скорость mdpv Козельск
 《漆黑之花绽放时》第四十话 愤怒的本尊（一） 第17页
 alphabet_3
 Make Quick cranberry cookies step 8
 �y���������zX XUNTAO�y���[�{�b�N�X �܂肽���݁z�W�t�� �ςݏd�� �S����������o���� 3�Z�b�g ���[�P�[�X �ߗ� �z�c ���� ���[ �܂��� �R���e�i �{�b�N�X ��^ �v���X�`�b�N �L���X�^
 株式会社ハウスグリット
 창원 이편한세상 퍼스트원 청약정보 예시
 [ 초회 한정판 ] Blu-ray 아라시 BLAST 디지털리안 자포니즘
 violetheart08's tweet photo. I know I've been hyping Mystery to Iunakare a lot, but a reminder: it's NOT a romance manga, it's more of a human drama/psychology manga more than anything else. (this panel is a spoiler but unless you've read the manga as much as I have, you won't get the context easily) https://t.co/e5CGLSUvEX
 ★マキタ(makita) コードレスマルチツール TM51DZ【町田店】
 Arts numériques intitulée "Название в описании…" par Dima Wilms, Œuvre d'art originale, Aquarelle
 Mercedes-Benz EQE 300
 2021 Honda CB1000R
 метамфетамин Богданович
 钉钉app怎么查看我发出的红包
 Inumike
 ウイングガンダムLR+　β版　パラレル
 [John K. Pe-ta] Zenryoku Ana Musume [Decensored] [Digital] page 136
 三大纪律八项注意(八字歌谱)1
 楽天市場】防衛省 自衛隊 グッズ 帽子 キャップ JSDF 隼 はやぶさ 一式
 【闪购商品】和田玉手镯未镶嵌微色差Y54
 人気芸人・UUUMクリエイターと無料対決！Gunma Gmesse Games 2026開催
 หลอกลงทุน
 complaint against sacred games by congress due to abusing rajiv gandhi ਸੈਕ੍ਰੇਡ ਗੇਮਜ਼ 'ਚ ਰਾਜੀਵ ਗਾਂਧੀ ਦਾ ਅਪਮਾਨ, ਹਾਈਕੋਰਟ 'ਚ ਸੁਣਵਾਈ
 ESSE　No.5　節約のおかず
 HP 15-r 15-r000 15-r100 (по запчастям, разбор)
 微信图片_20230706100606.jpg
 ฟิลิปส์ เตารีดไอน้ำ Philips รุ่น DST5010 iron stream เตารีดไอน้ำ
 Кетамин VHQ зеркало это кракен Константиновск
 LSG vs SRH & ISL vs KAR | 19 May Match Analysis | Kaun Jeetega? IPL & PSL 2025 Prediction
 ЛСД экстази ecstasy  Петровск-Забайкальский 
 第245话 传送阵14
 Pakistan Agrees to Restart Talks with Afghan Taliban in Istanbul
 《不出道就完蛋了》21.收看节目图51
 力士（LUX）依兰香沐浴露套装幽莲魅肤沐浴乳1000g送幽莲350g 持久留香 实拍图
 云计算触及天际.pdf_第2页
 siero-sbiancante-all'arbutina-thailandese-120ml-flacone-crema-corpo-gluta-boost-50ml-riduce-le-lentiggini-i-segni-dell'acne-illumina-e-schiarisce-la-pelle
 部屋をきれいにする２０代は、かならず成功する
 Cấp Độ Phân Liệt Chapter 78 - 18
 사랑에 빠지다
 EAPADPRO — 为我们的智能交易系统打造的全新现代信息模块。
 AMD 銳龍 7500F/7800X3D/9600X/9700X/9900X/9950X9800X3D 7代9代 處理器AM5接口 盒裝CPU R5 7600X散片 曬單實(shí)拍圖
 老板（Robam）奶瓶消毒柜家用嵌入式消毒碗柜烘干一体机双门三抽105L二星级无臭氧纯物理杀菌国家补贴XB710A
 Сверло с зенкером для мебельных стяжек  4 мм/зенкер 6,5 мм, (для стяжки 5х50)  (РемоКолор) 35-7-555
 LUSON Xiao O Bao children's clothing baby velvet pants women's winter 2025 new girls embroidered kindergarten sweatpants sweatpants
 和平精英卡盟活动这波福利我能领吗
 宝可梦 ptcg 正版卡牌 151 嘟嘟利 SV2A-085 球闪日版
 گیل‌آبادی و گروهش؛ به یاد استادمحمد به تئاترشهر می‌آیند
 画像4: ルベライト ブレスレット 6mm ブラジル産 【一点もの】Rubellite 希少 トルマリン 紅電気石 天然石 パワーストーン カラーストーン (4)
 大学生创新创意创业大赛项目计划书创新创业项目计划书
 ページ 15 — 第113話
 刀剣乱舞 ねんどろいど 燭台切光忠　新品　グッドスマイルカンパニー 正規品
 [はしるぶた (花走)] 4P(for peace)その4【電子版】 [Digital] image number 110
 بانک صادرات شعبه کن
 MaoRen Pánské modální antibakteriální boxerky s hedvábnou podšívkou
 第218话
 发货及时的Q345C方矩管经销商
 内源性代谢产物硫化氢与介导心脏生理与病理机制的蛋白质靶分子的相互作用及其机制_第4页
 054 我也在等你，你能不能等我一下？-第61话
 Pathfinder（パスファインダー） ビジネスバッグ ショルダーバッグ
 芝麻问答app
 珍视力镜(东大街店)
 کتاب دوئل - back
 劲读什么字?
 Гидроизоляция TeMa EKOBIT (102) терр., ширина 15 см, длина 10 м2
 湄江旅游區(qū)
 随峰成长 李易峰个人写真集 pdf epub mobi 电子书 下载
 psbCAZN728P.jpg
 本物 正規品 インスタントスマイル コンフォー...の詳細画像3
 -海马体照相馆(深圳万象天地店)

++++

■ TASK BRIEF: A single number is the whole answer: the tally of lines in the entries that hold "Digital".

■ EXERCISE ANSWER: 2